There is no doubt that Rocky kicks ass, as evident in the first two movies. However, we were subjected to more and more of this Italian Stallion's extra 21st chromosome of a life story: Going from training in a gaudy, palatial, media drome facility to either some hood pit and/or Siberian Summer home; raising annoying offspring with bad taste in rebellious ear rings; rags to riches, to rags again, melodrama; Bridget Nielsen; and Uncle Paulie's robot girlfriend. Oh, and not to mention that the U.S.S.R. had nuclear powered gyms with loads of blinking lights and laser graphics--while we all know their shit is still getting converted from vacuum tubes to transistors.
Also, there is the little matter of Rocky going from "Sloth" (Goonies) to articulate millionaire, and then back to New Jersey wharf rat retard/Sloth again--except he's from Philly. What in the hell was Adrian doing to this poor man? I think at some point she gave up listening him try to read his stocks out loud in order to speed up the morning breakfast and started putting salt peter and lead chips in his oatmeal. She liked him better dumb anyway, just with less humping now that her bones were brittle. I really don't know where I was going with that one.

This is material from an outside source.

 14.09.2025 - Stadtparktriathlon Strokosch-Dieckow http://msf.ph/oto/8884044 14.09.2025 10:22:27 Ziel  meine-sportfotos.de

The most TIGF!!!, but in a good way, was the music of Survivor. If it were not for "The Eye of the Tiger", who knows how bad that fool would have been pitied. In fact, "Rocky III" features the gayest scene ever: Rocky and Apollo running together on a beach, followed by a wet, encircling embrace. I think the only thing that kept them from doing each other right then and there was Rocky's strict "no butt sex for six weeks" rule before each fight.